Jiao X, Sultana A, Garg P, et al.. Autosomal recessive corneal endothelial dystrophy (CHED2) is associated with mutations in SLC4A11

L V Prasad Eye Institute, Bhaganagar, Telangana, India
Journal of Medical Genetics (Impact Factor: 6.34). 02/2007; 44(1):64-8. DOI: 10.1136/jmg.2006.044644
Source: PubMed

ABSTRACT

To map and identify the gene for autosomal recessive congenital hereditary endothelial dystrophy (CHED2, OMIM 217700), a disorder characterised by diffuse bilateral corneal clouding that may lead to visual impairment and requiring corneal transplantation.
Members of 16 families with autosomal recessive CHED were genotyped for 13 microsatellite markers at the CHED2 locus on chromosome 20p13-12. Two-point linkage analysis was carried out using the FASTLINK version of the MLINK program.

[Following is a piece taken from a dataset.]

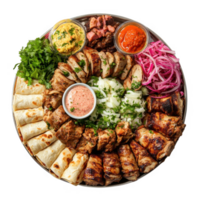 A vibrant platter of grilled meats, sides, and sauces, perfect for any feast. png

Mutation screening was carried out by amplification of exons and flanking regions by polymerase chain reaction, followed by direct automated sequencing.
Linkage and haplotype analysis placed the disease locus within a 2.2 cM (1.3 Mb) interval flanked by D20S198 and D20S889, including SLC4A11. The maximum LOD score of 11.1 was obtained with D20S117 at theta = 0. Sequencing of SLC4A11 showed homozygotic mutations in affected members from 12 of 16 families.
These results confirm that mutations in the SLC4A11 gene cause autosomal recessive CHED.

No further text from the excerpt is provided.